[Start of section]
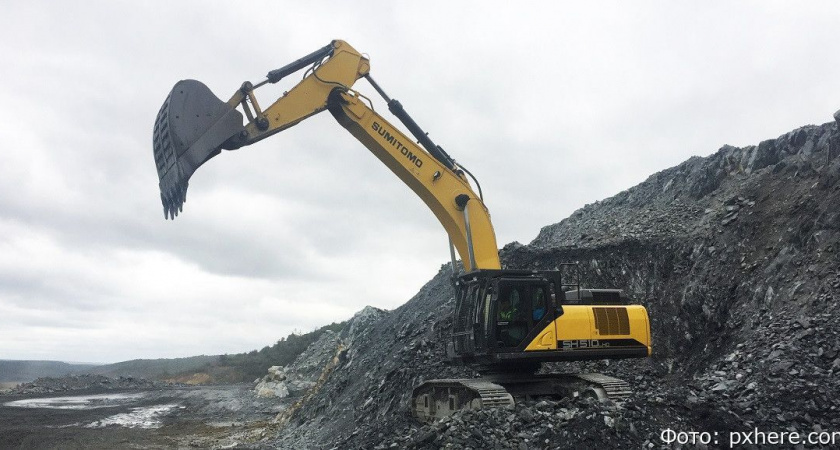 Камчатский край оказался среди отстающих по утилизации промышленных отходов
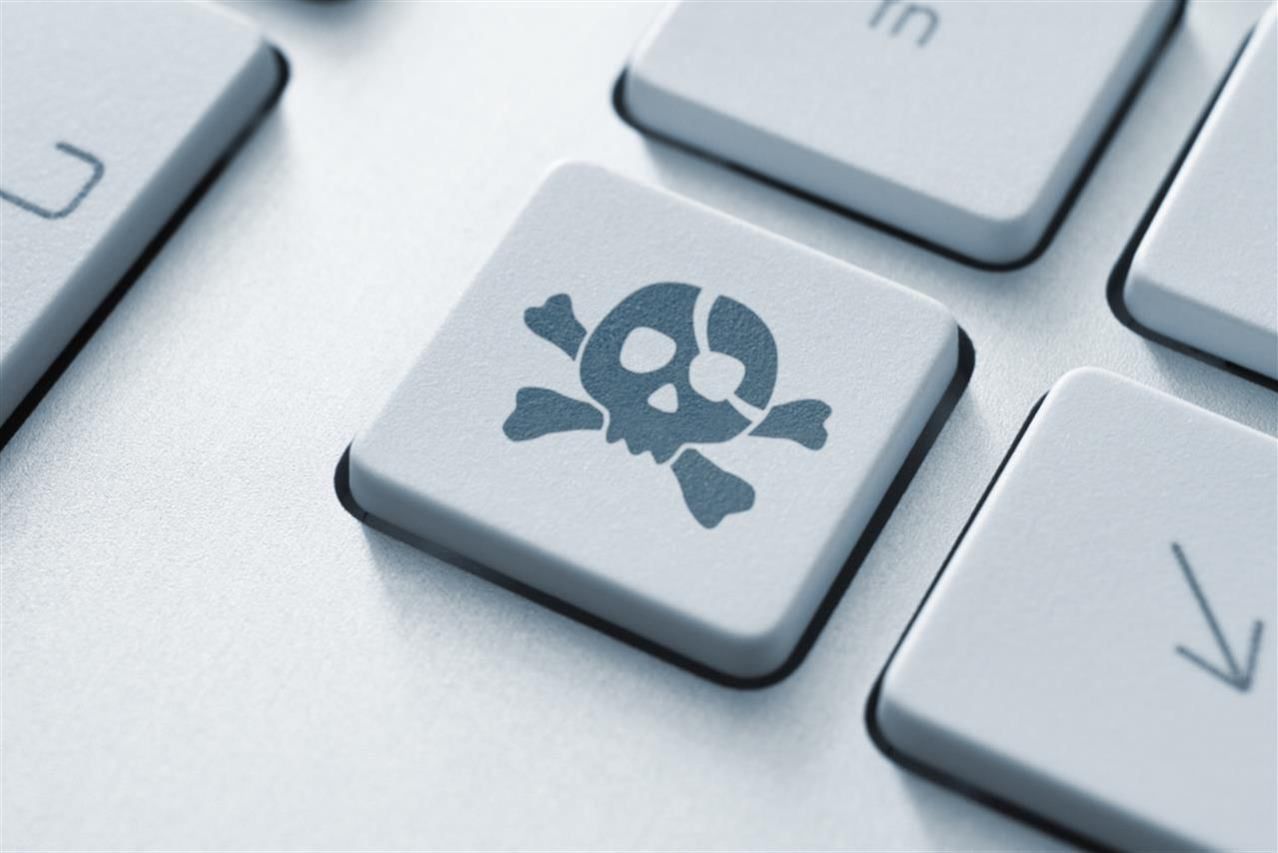 Ransomware przeciw piractwu: złamałeś prawo autorskie? Zapłać okup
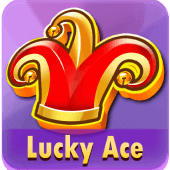 Lucky Ace on Gamezone App
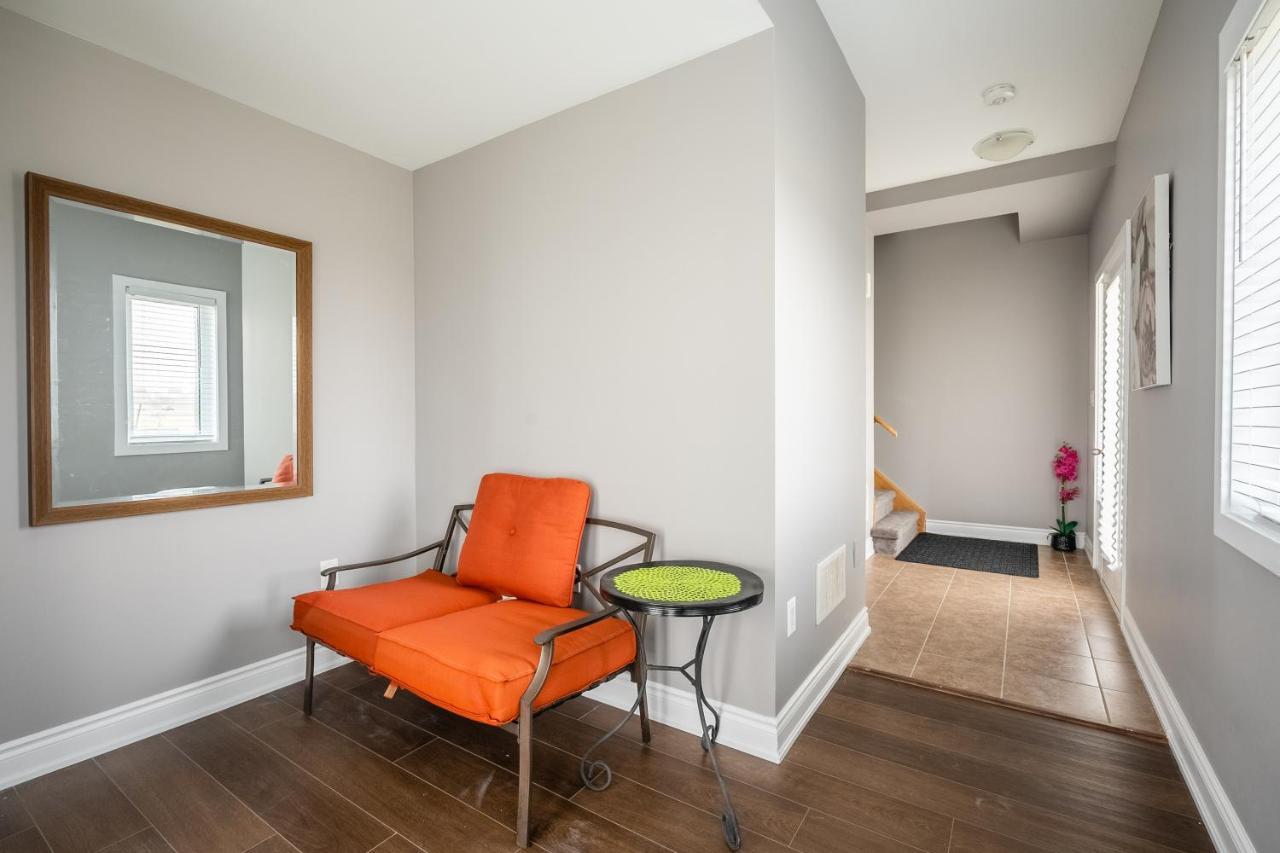 Modern Hamilton Homes Lake Ontario Shore By Globalstay 외부 사진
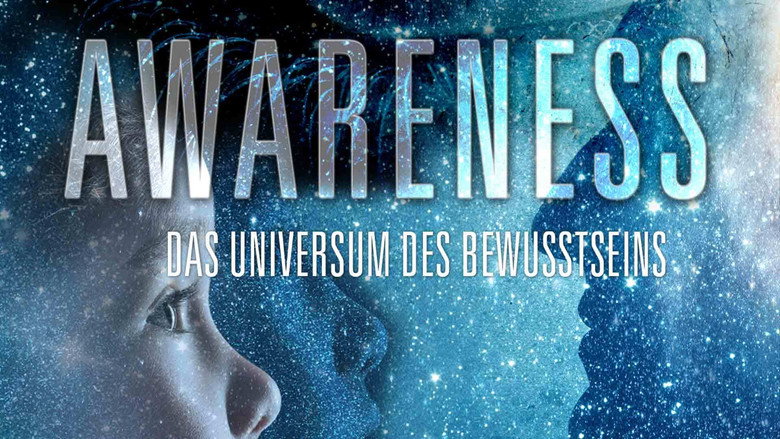 AWARENESS - Das Universum des Bewusstseins still 1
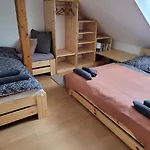 Apartmán Velké Dářko Skrdlovice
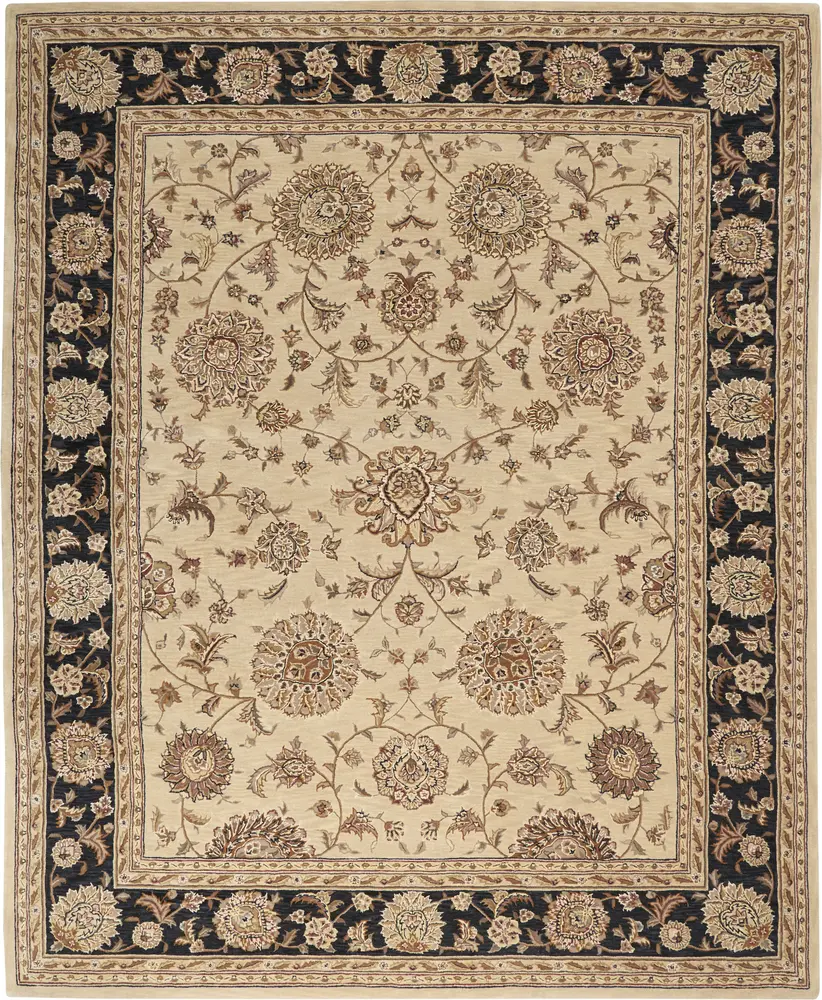 Nourison Home Nourison 2000 Area Rug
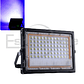 Foco Proyector Reflector Uv Led 50w Ip66 Impermeable - Miniatura 1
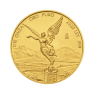 1/10 troy ounce gouden munt Mexican Libertad 2023 voorkant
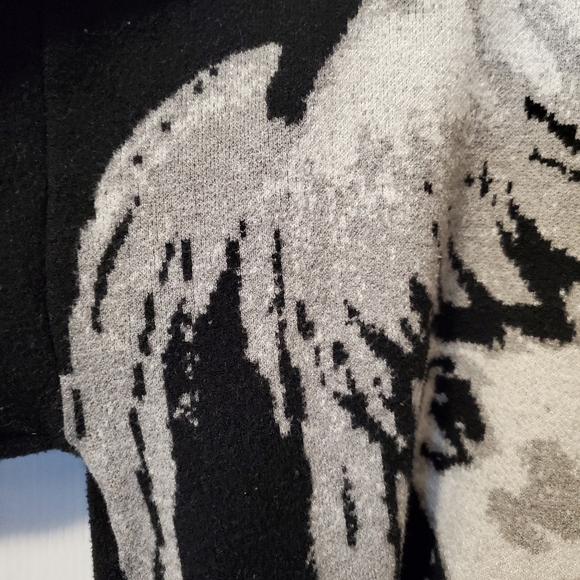 Death Note Anime Sweatshirt (Size M) - Picture 3 of 16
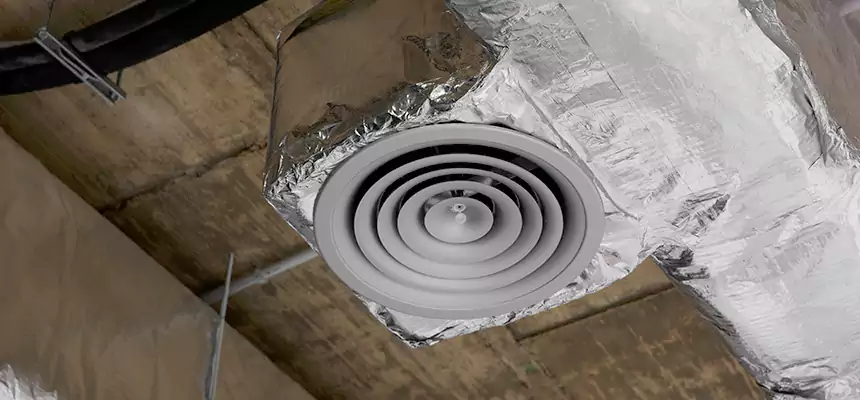 Our HVAC Ductwork Installation Services in Casa de Oro-Mount Helix, CA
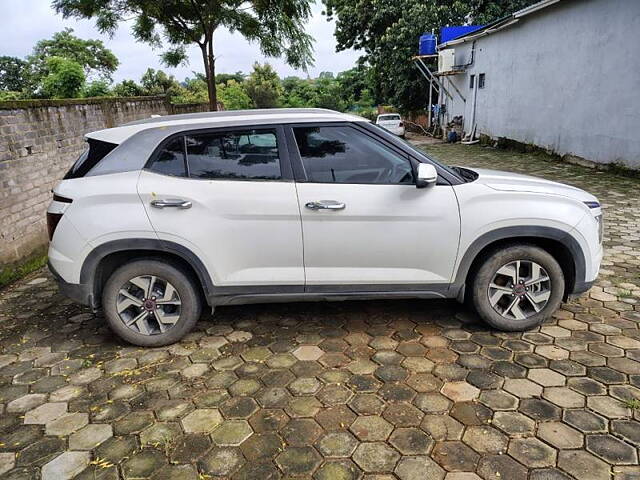 Used Hyundai Creta [2015-2017] 1.4 S in Ranchi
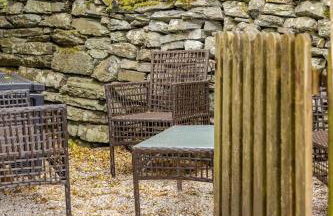 Zipworld Waterfalls Eryri Dogs Welcome 3 Bed sleeps 5 - Foto 4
[End of section]
[YOUR ASSIGNMENT] Make an exact copy of the listing. Do not carry over its pictures.

[SOLUTION]
 Камчатский край оказался среди отстающих по утилизации промышленных отходов
 Ransomware przeciw piractwu: złamałeś prawo autorskie? Zapłać okup
 Lucky Ace on Gamezone App
 Modern Hamilton Homes Lake Ontario Shore By Globalstay 외부 사진
 AWARENESS - Das Universum des Bewusstseins still 1
 Apartmán Velké Dářko Skrdlovice
 Nourison Home Nourison 2000 Area Rug
 Foco Proyector Reflector Uv Led 50w Ip66 Impermeable - Miniatura 1
 1/10 troy ounce gouden munt Mexican Libertad 2023 voorkant
 Death Note Anime Sweatshirt (Size M) - Picture 3 of 16
 Our HVAC Ductwork Installation Services in Casa de Oro-Mount Helix, CA
 Used Hyundai Creta [2015-2017] 1.4 S in Ranchi
 Zipworld Waterfalls Eryri Dogs Welcome 3 Bed sleeps 5 - Foto 4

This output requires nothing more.